Insider information on pricing
The key to a dealer’s survival and profitability in the used car business is to buy used cars at or below what the industry calls the “wholesale price” and then to sell them at a retail price that, in the final analysis, is whatever a buyer will pay. Here is an actual example:
I tracked a GM car that was purchased by a dealer for $9,500. After spending $400 for repairs and reconditioning, he put it on the lot at $13,800. That’s a markup over his purchase cost of more than 45 percent!
The used car sales manager confided that this markup gave him built-in room for negotiation. A buyer finally appeared, and after a negotiated agreement, bought the car for $12,450. The customer felt he’d gotten a deal and the seller said nothing to disabuse him of that notion.
Determining the “wholesale” price
Whether you buy from a private owner or a dealer, one of the most important pieces of information you can have is the current “wholesale” price of the car in your area of the country. One source of auto price information is the car loan department of your bank. They will usually have all the latest price books and possibly even auction reports that show what various makes are bringing on the auction market.

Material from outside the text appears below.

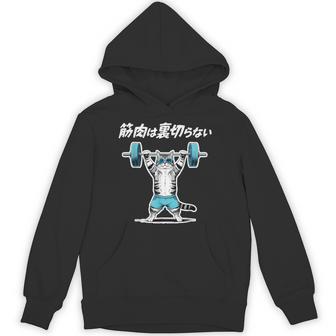筋肉は裏切らない 猫 筋トレ ネコ おもしろ 面白い ネタ パーカー - Kawaiitshirt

The industry uses any of several books as price guides: The “NADA Official Used Car Guide,” “National Auto Research Black Book,” “Kelley Blue Book Auto Market Report” and “Galves Auto Price List.” These books — also available online — purport to reflect the average wholesale prices that various cars are bringing across the country. The only problem is that they usually don’t agree on a set price.
Compare the suggested wholesale prices for a 2000 Chevrolet four-door Lumina from the same month:
- Kelley Blue Book : $7,875 [Tends to reflect West Coast prices]
- NADA: $6,875 [Combination of auction and dealer reports]
- Black Book: $5,650 to $8,850 [Dealer auction sales reports]
Consumer price books and Internet websites
You can find used car price books on your newsstand or on various Internet sites, e.g., Edmunds.com. For example, Edmund’s wholesale price for a 2000 Lumina is $7,387. Their figures provide a general range, but they may not present a true picture of any given car’s “real” price because they cannot account for the myriad factors that impact the dealer’s costs.